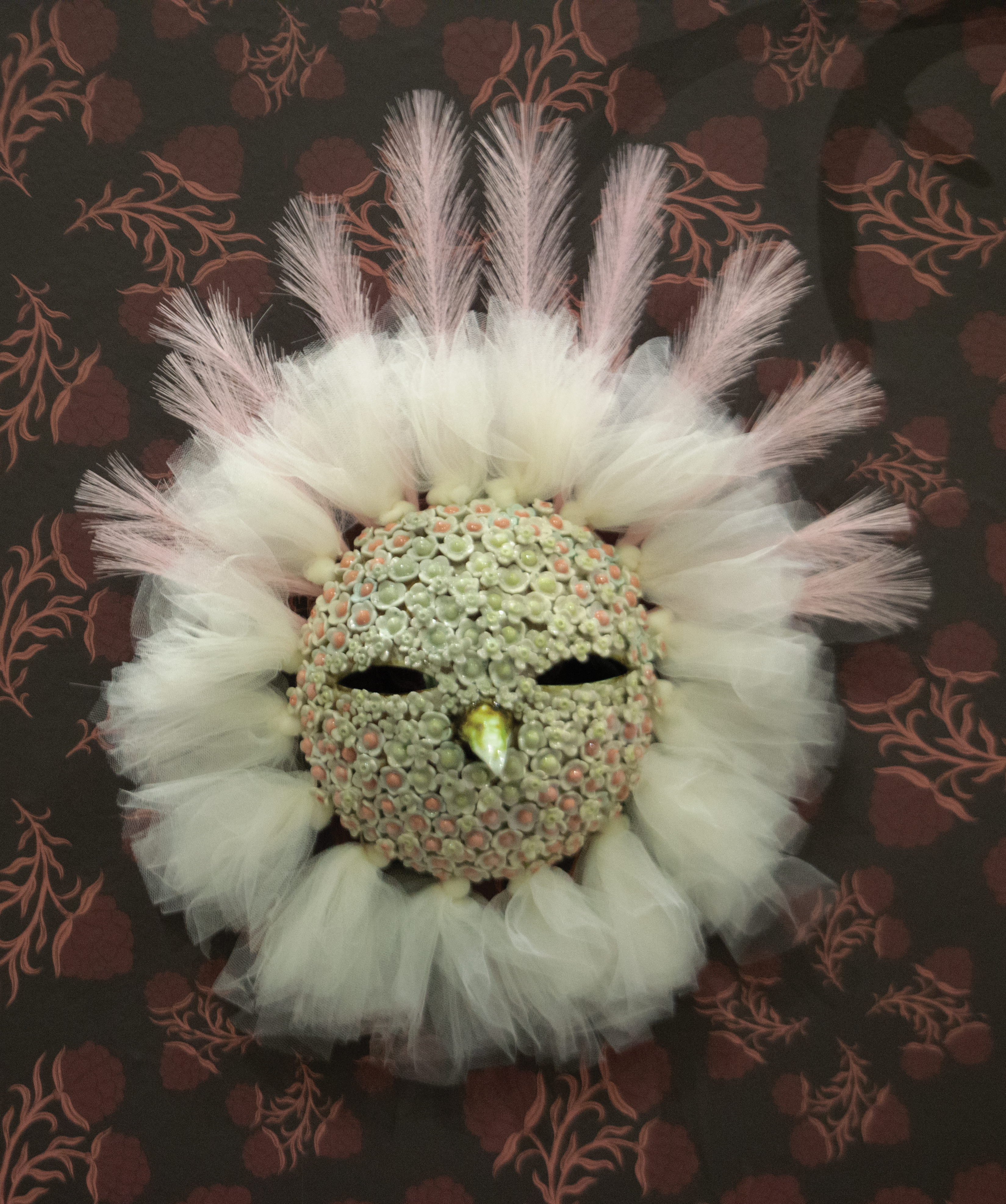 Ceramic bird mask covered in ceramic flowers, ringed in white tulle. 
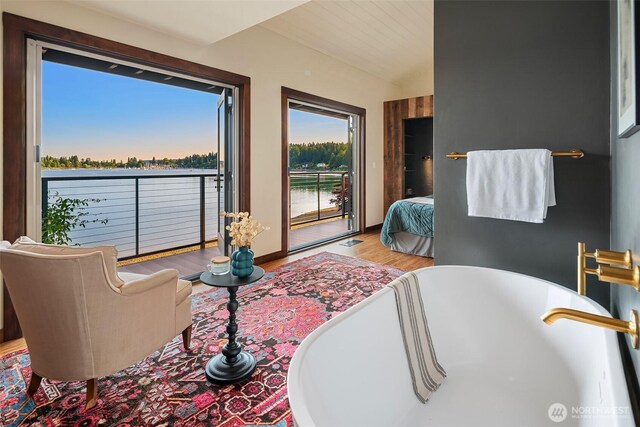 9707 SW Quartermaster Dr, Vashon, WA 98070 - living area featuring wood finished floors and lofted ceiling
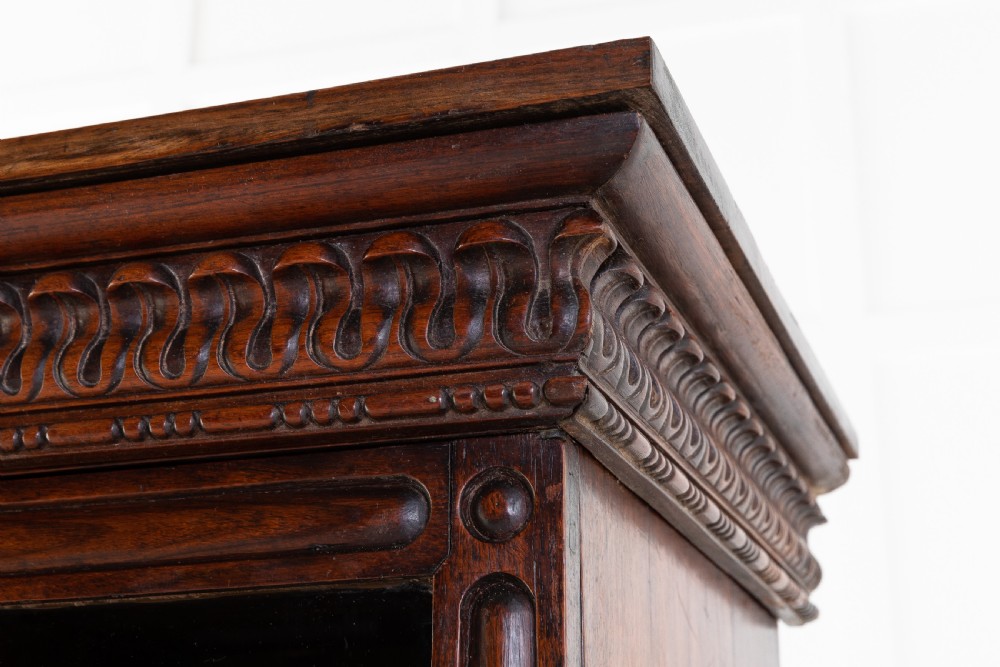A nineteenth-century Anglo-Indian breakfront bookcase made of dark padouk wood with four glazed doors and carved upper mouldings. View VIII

- **THE TASK**
After locating the line that holds "9707 SW Quartermaster", output exactly the lines from it through the last line of the material above, inclusive, without pictures.

- **RESULT BELOW**
 9707 SW Quartermaster Dr, Vashon, WA 98070 - living area featuring wood finished floors and lofted ceiling
A nineteenth-century Anglo-Indian breakfront bookcase made of dark padouk wood with four glazed doors and carved upper mouldings. View VIII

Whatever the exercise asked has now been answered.